Considerations on installing Bitdefender Security Server

GravityZone Security for Storage uses Bitdefender Security Server Multi-Platform as an ICAP server that analyzes data and sends verdicts to the protected ICAP platform, which take actions accordingly.

Although you can only use one Security Server for ICAP scanning, it is recommended to install and configure at least two Bitdefender Security Servers. This is necessary in case of overloading, when the first Security Server redirects the surplus of data to the second one.

As best practices, you must install Security Servers as close as possible to the NAS server. In case of cloud NAS deployment (for example, in an Amazon Web Services environment), you must install Security Servers there.

For installing Bitdefender Security Server in various environments (including Nutanix AHV), refer to Install Security Server manually.

Note

As best practices, install dedicated Security Servers for storage protection, separate from the Security Servers used for other purposes, such as antimalware scanning.

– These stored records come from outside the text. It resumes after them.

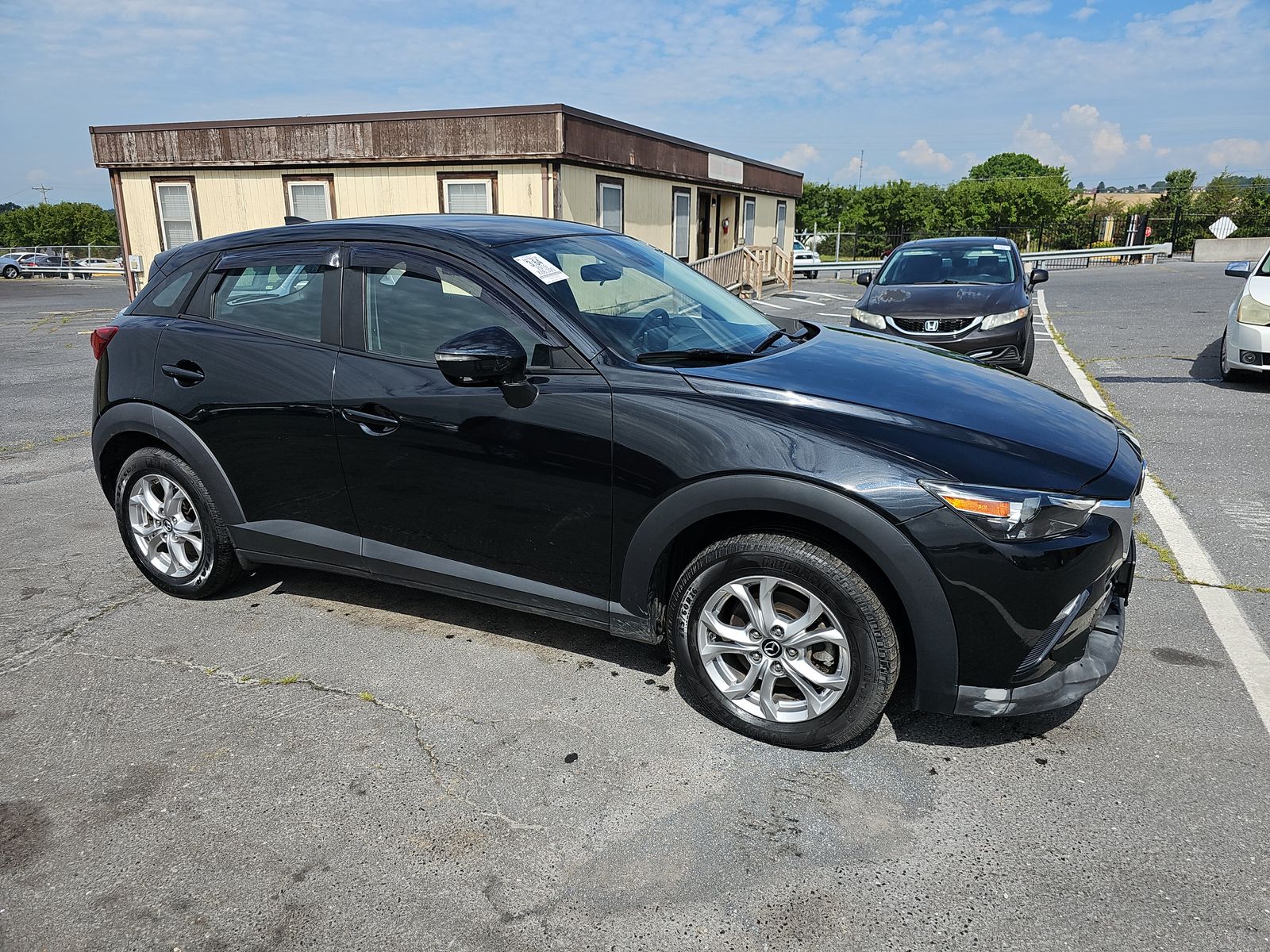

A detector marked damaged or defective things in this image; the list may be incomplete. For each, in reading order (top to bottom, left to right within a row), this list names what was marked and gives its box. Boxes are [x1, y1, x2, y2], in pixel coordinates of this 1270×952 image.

cracked asphalt [2, 271, 1270, 946] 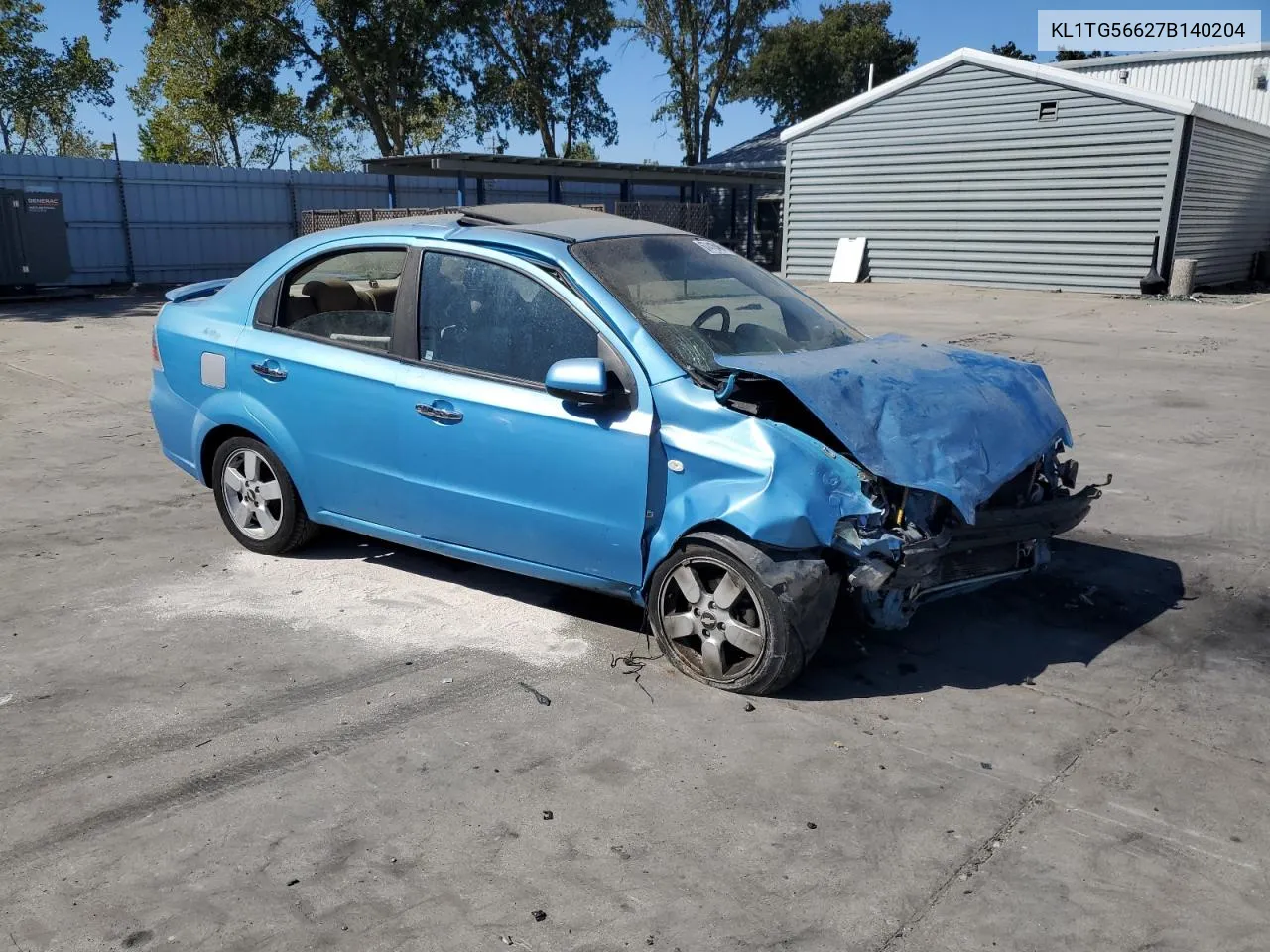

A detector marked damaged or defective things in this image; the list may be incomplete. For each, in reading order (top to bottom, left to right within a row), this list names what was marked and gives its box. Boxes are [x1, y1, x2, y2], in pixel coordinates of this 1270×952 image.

shattered side window [573, 236, 863, 373]
crumpled hood [721, 334, 1067, 525]
cracked concrete [2, 286, 1270, 952]
damaged front end [837, 451, 1107, 629]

Configuring 3rd party solutions for Security for Storage

For details about configuring and managing ICAP servers on a certain NAS device or file-sharing system, refer to the documentation for that specific platform (such as Nutanix® Files (formerly, Acropolis File Services or AFS) and Citrix® ShareFile).

For details on how to configure Citrix ® ADC VPX to use it with Security for Storage, refer to this topic.

For details on how to configure F5 BIG-IP VE ASM to use it with Security for Storage, refer to this topic.

What to do after installing Security for Storage

Once you have installed the Security Servers and configured them to use a policy with ICAP scanning enabled, you can monitor their activity in several places in GravityZone Control Center:

  • In the Network section, locate the Security Servers used as ICAP servers and click their names to view more information in the Protection tab of the endpoint details screen.

  • In the Reports section, generate a Security Audit or a Security Servers Status report.

  • In the Notifications area, look for the Storage Antimalware notification.